PROVIDED DATA
::::::::
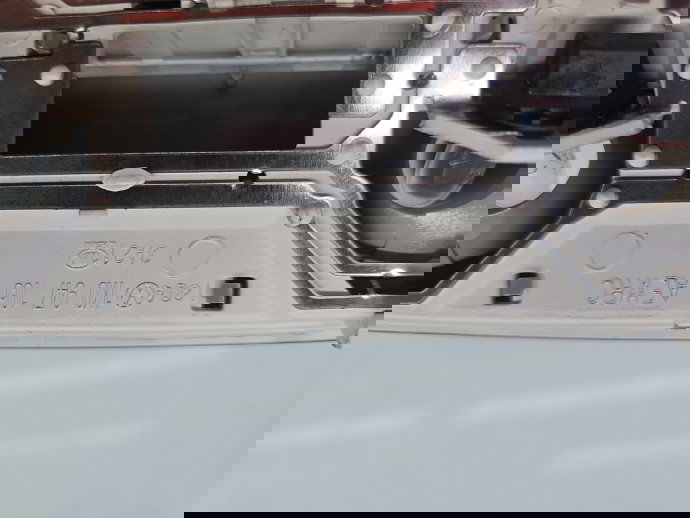 Plafoniera fata Volkswagen Passat B7 (365) [Fabr 2010-2014] Break 1K0947105AE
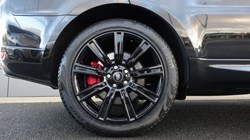 2021 (71) LAND ROVER RANGE ROVER SPORT 2.0 P400e HSE Dynamic Black 5dr Auto 4956077
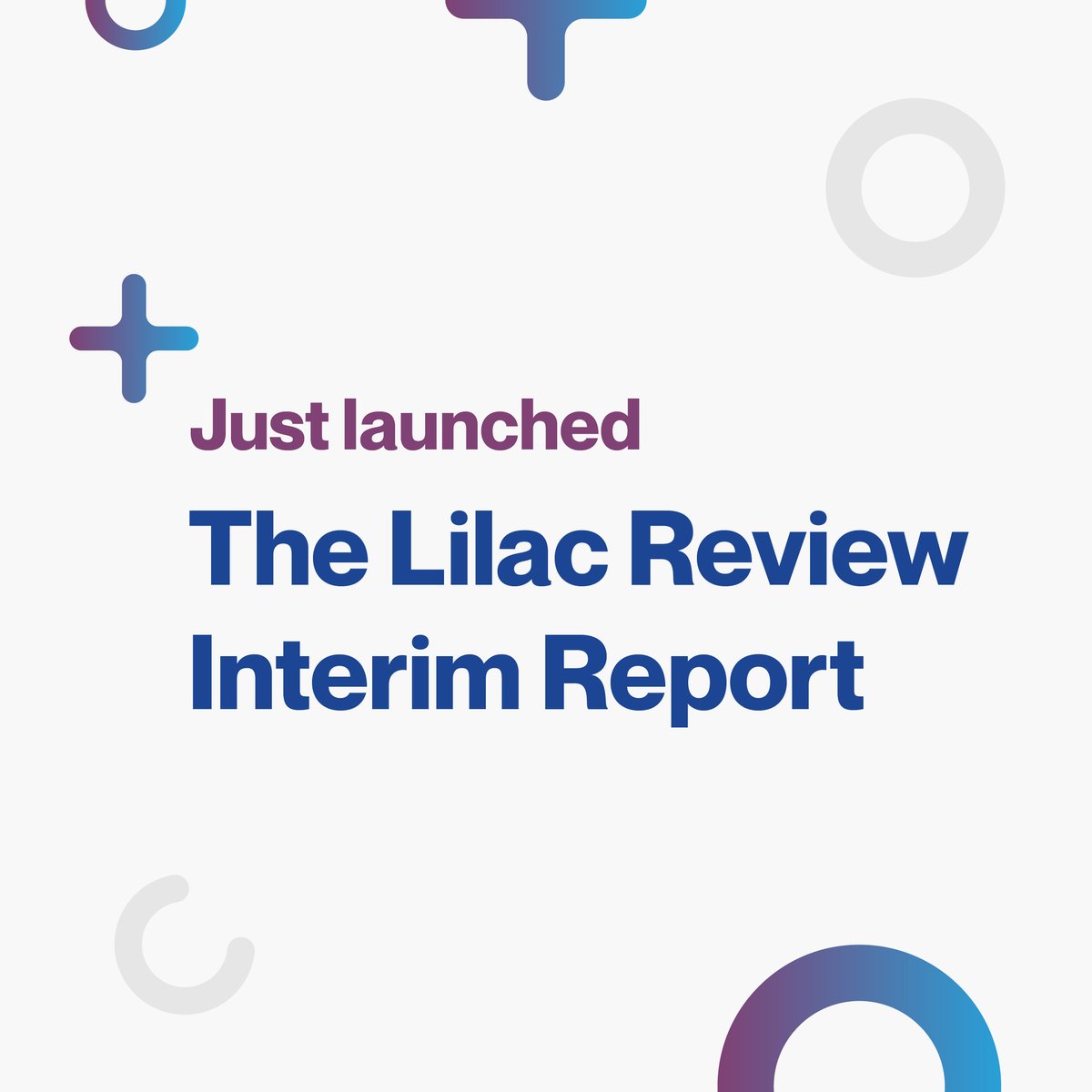 The Lilac Review Interim report launches today! The report details the unique challenges faced by Disabled entrepreneurs in the UK and offers recommendations on how to tackle them. Access the report here: ow.ly/3RP050RGNVt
::::::::
TASK ITEM
The copy must match the listing above exactly but contain no pictures.

TASK SOLUTION
 Plafoniera fata Volkswagen Passat B7 (365) [Fabr 2010-2014] Break 1K0947105AE
 2021 (71) LAND ROVER RANGE ROVER SPORT 2.0 P400e HSE Dynamic Black 5dr Auto 4956077
 The Lilac Review Interim report launches today! The report details the unique challenges faced by Disabled entrepreneurs in the UK and offers recommendations on how to tackle them. Access the report here: ow.ly/3RP050RGNVt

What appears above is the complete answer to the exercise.